══ Supplied entries ══
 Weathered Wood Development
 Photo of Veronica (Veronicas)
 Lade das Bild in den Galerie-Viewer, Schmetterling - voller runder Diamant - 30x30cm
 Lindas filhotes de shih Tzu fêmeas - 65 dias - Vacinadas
═══
══ Supplied entries ══
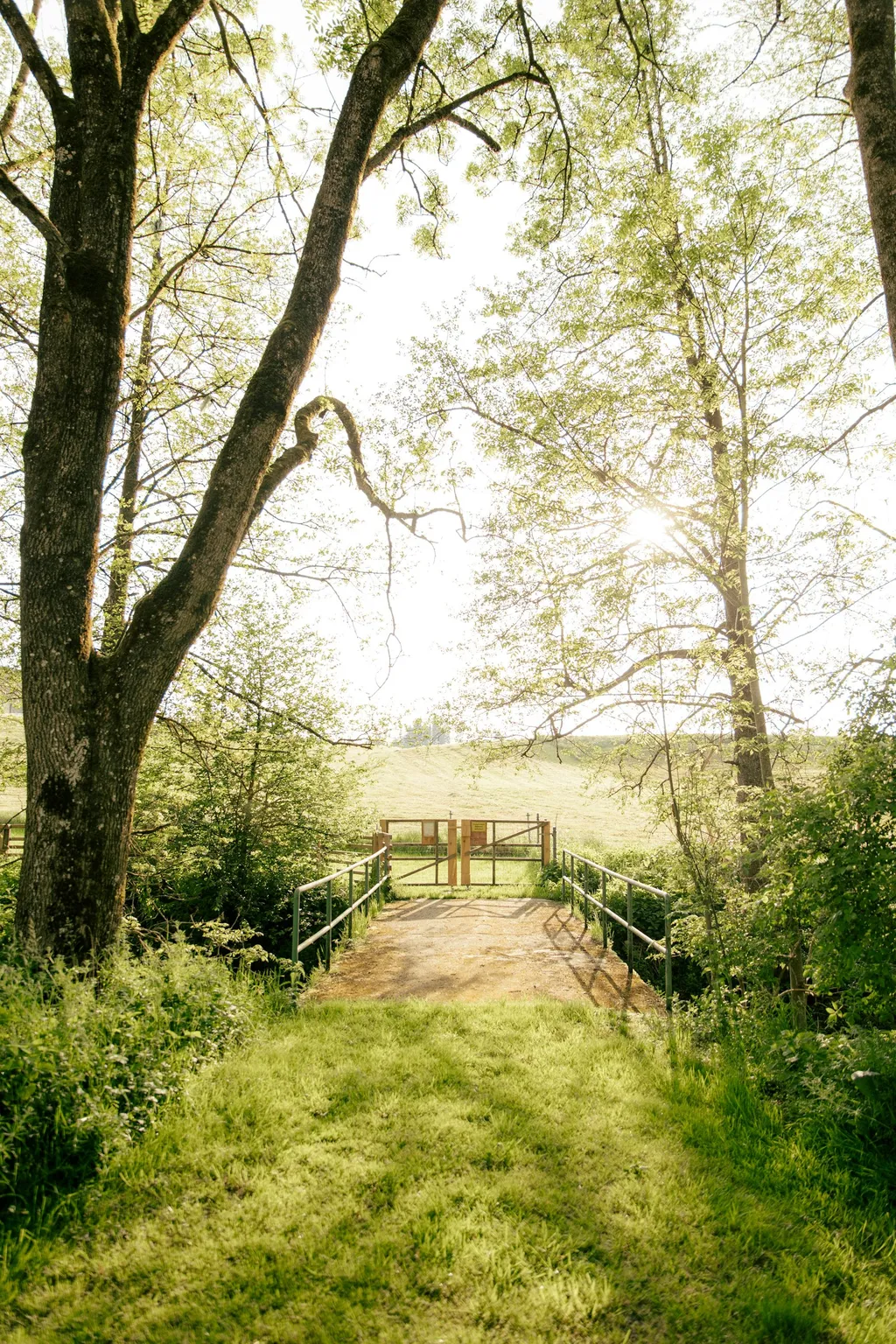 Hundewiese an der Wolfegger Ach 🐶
═══
* _Exercise goal_
Within the data above, the span starting at the line containing "Weathered Wood Development" and ending at the line containing "Lindas filhotes de" is to be retyped exactly, with no other lines.

* _Written response_
 Weathered Wood Development
 Photo of Veronica (Veronicas)
 Lade das Bild in den Galerie-Viewer, Schmetterling - voller runder Diamant - 30x30cm
 Lindas filhotes de shih Tzu fêmeas - 65 dias - Vacinadas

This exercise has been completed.